Another open issue: what happens if a rollback fails? Is the transaction
"hosed" at that point? What if five data managers roll back, and the sixth
one fails? This suggests adding a 'canRollback()' method to the interface,
such that a rollback aggregator can check that its aggregated savepoints
can actually be rolled back, so that "CannotRevert" errors don't cause the
transaction to be hosed. However, the issue of another type of exception
occurring during rollback still must be addressed.
>I think I'm also in favor of the new abort semantics. ZODB3 would
>abort the transactions -- call abort() on all the data managers -- if
>an error occurred during a commit. The new code requires that the
>user do this instead. I think that's better, because it leaves the
>state of the objects intact if the code wants to analyze what went
>wrong before retrying the transaction.
The interesting question here again is, is the transaction "hosed"? Should
there be a flag that says, "you can't do anything to this transaction but
abort it"?
To put it in broader terms, if *any* exception is thrown during execution
of a transaction-related method, should we consider the transaction
unrecoverable?
I'm inclined to say yes, because I can think of too many code paths in both
my and the ZODB4 transaction code where it becomes nearly impossible to
guarantee a "clean" state when an exception occurs. By definition, if code
called by the transaction system raises an exception, it is announcing that
it cannot satisfy its contract with the transaction. Therefore, the
transaction cannot be certain of satisfying its contract with the
application for a clean commit.
Another issue here is clean aborts. If an error is raised by a data
manager during abort, what should the semantics be? Older ZODB transaction
classes wrap every data manager abort call in a try-except that ensures
that *all* the abort methods get called, even if several of them raise
errors. The new ZODB4 transaction API doesn't do this, and thus can fail
to completely roll back a transaction.
Of course, the tradeoff is that the old code only gave you information
about the first exception that occurred, and not any of the later
ones. Perhaps the answer is to make the transaction keep track of which
data managers have received which messages, and to require the caller to
keep 'abort()'-ing until all data managers have been aborted, even if each
one raises errors?
I don't really know what's "right" here. If the first data manager's
failure causes subsequent DM's to fail, what then? How much retry and
recovery logic code must somebody put into their application, in order to
guarantee correctness and recovery? Isn't that what the transaction API is
*for*?
I guess my inclination at this point is to think that maybe the transaction
needs to have some kind of log - not in the 'logging' module sense, but in
the sense of a list of actions performed and errors occurred. These errors
could then be wrapped up in another exception or a return value upon
completion of operations like abort() and commit(). Then, if somebody
wants to analyze it, they have all the data.

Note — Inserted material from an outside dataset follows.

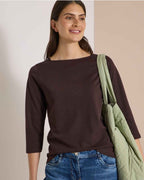 Kaia Tröja Med Båthals Dam Truffle Brown | Smilebutiken - Cecil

But I don't believe it makes sense for the application to try to correct
errors "under the hood" of the transaction. Data managers should handle
their own errors, if there's any handling to be done. Any analysis of the
errors after the fact is going to be by a human being, to figure out how to
fix the application or the data managers so they don't do whatever it is in
the first place, or so that they catch the problem before it becomes an
error in a commit or abort operation.